Lumbar microdiscectomy (back)

What is it?

A lumbar microdiscectomy is a common back operation performed to relieve pressure on a nerve caused by a disc prolapse. 

Nerve compression can cause leg pain (sciatica), numbness and/or weakness. 

You may need lumbar disc surgery if your symptoms have not resolved with time and pain relief. Persistent symptoms may interfere with your work, sport or other activities.

Diagnosis and treatment options

If you are demonstrating symptoms of a trapped nerve in your back, then it is likely that you will be recommended to undergo an MRI scan of your lumbar spine. 

If your MRI demonstrates a lumbar disc prolapse (slipped disc) with nerve compression then you have three main options:

  • Carry on with pain relief and physiotherapy and wait to see if the symptoms settle down naturally
  • Consider a lumbar epidural injection of steroid (a local anaesthetic day case procedure)
  • Consider a lumbar microdiscectomy (an operation under general anaesthesia)

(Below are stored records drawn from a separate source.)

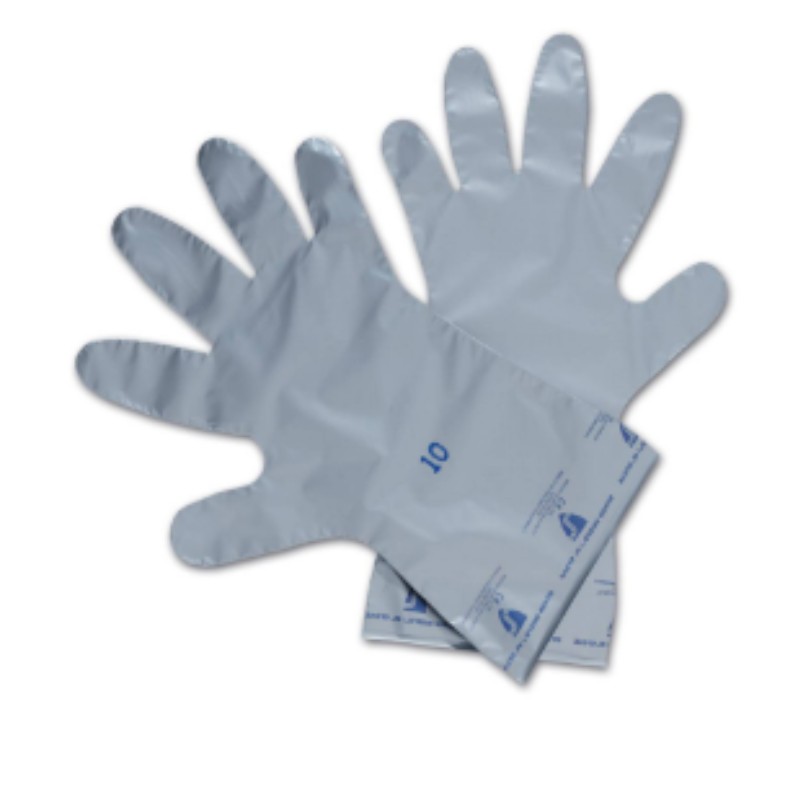 霍尼韦尔 SSG29-10 长袖复合膜防化手套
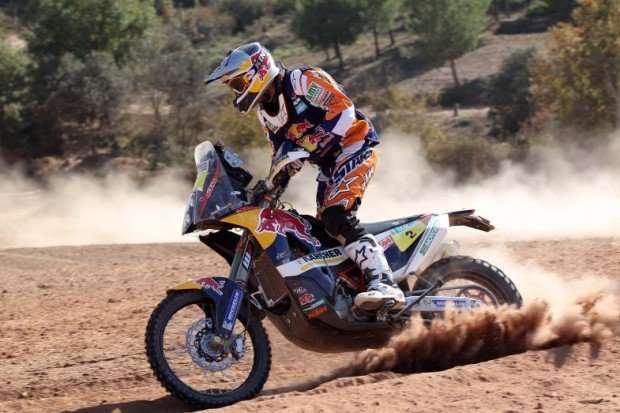 Spaniolul Marc Coma A CÂŞTIGAT raliul Dakar la clasa moto
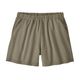 Patagonia Regenerative Organic Certified Cotton Essential Short - Women's River Rock Green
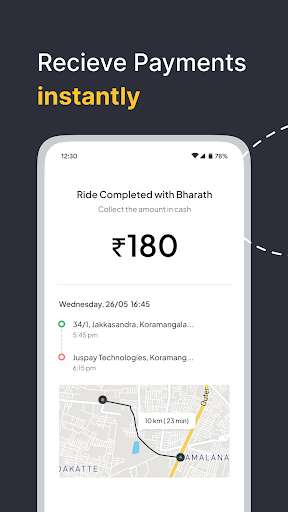 Odisha Yatri Driver Partner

Which treatment is right for you will depend on the severity and duration of your symptoms, how quickly you want to return to full physical activity and also your understanding of the risks of any procedure.

You will have plenty of opportunity to ask questions about the technique of surgery, any potential complications as well as your expected rate of recovery following surgery.

Outcome and complications

After a lumbar microdiscectomy, patient satisfaction rates are 85-90% and we expect 90% of patients to experience good or excellent relief from leg pain. (Spine Tango data)

As with all surgery there is always some risk of complication. These will be discussed prior to going ahead with any procedure. For this type of surgery, risks include:

  • Wound infection - 2-3%
  • Bleeding - 1%
  • Spinal fluid leak - 5%
  • Further disc prolapse - 5%
  • Leg pain or back pain worsens - less than 5%
  • Rare nerve injury causing numbness, weakness or paralysis in the legs or problems with bladder, bowel or sexual function - less than 1 in 1000
  • Rare injury to a major blood vessel – 1 in 4000
  • Complications associated with general anaesthesia (heart problems, chest complications, blood clots, infection) - these risks may increase with certain medical conditions

Data from Spine Tango.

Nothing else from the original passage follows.